**INFORMATION SUPPLIED**

|---|

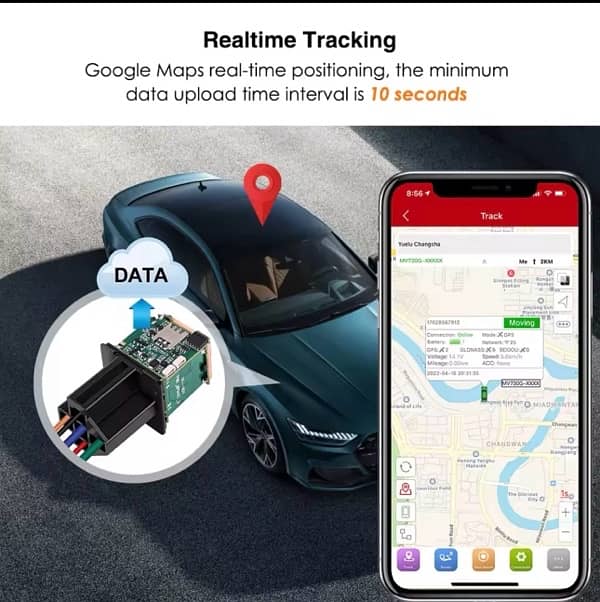 4G GPS TRACKER 2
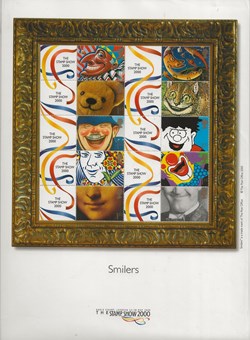 ZZZ Bloc (Grande Bretagne) 2000 Smilers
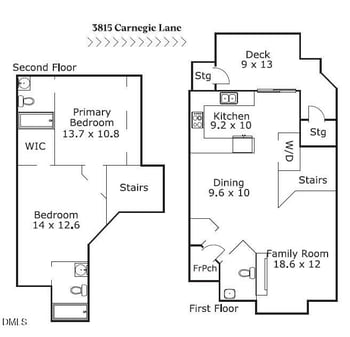 3815 Carnegie Ln, Raleigh, NC 27612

|---|

**PROBLEM DESCRIPTION**
Your task is to retype, exactly and only, the lines from the line holding "ZZZ Bloc (Grande Bretagne) 2000 Smilers" through the final line of the data above, with both ends kept. Drop the pictures.

**EXPECTED ANSWER**
 ZZZ Bloc (Grande Bretagne) 2000 Smilers
 3815 Carnegie Ln, Raleigh, NC 27612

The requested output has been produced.